Deux ans après son superbe (et désormais culte) Week-end, il devenait nécessaire de suivre de près la carrière d’Andrew Haigh (on attend pour novembre son prometteur 45 years, reparti du festival de Berlin avec un double prix d’interprétation pour Charlotte Rampling et Tom Courtenay). Conforté par le succès critique de Week-end, Haigh s’en est allé de l’autre côté de l’Atlantique pour produire, écrire et mettre en scène une nouvelle série HBO créée par Michael Lannan, la bien-nommée Looking. Soit la vie, les amours et les emmerdes de trois potes à San Francisco à l’heure de Facebook, des applications de drague et du Sida.
On a beaucoup reproché à Looking son tempo paresseux et de ne pas raconter grand-chose, voire de ne rien raconter du tout, quand c’est précisément dans ce "rien", dans ces petits détails et ces tranches de vie quasi anecdotiques, que vient se nicher toute la force d’écriture et de réalisme de la série, loin des carcans télévisuels actuels (cliffhangers incessants, rythme infernal, intrigues bâclées, rebondissements inévitables…) ou de l’exubérance de Queer as folk US qui flirtait parfois, souvent, avec la caricature et la gaudriole tape-à-l’œil. Cette finesse dans les dialogues, dans la mise en scène et la qualité du jeu des acteurs, qui fait toute la beauté et toute l’exigence de Week-end, se retrouve évidemment dans Looking au fil d’épisodes toujours enlevés, toujours drôles, toujours justes.

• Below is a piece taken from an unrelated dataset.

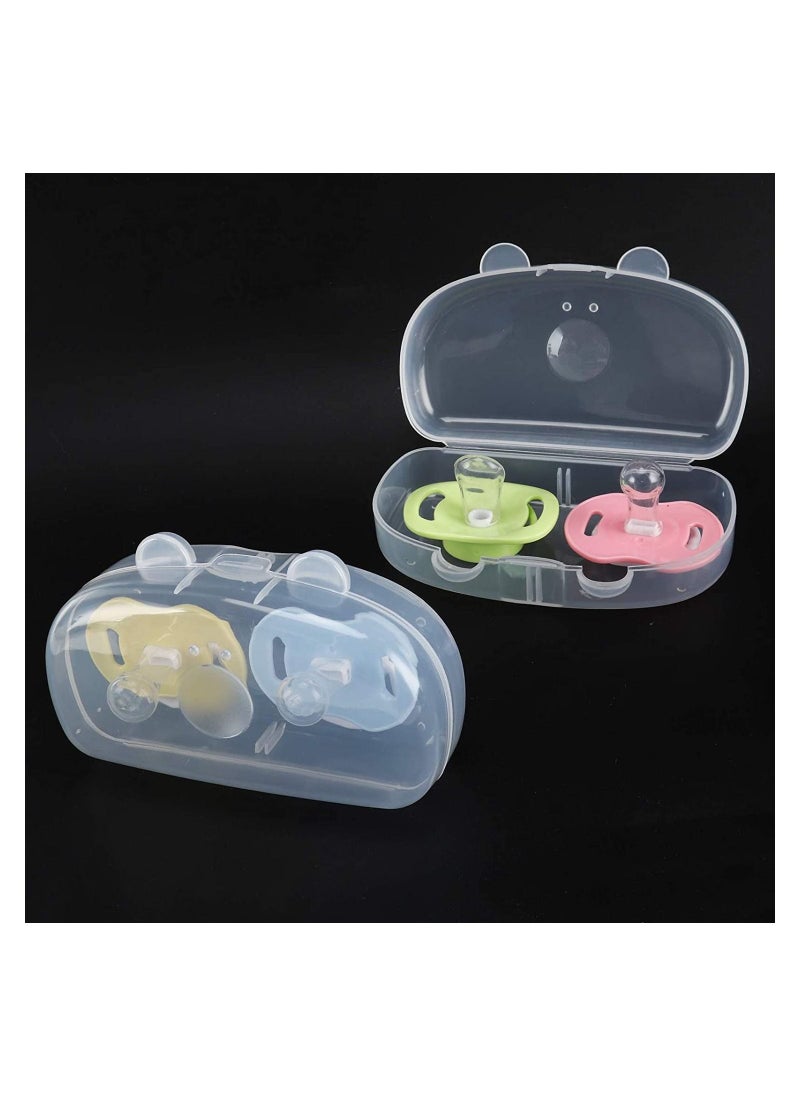 SYOSI - Pacifier Case, Pacifier Container, Baby Pacifier Case for Travel, BPA Free, Can be Used to Carry 2 Pacifiers, Transparent, 2 Pack - Image 1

Plus étonnant encore, les trois personnages principaux, pas spécialement sympathiques au premier abord (Patrick, boy next door banal et presque énervant, Dom, serveur quadra, loser et moustachu, et Agustín, artiste en déroute et méprisant), parviennent pourtant à nous surprendre malgré leurs défauts et leurs (nombreuses) maladresses, personnages jamais lisses, jamais exemplaires, ne serait-ce au moins romanesques, mais tout simplement ordinaires comme ceux que l’on côtoie chaque jour, révélés dans toute leur faillibilité, désarmants et chiants, bancals et multiples. Comme eux, comme nous, comme les autres.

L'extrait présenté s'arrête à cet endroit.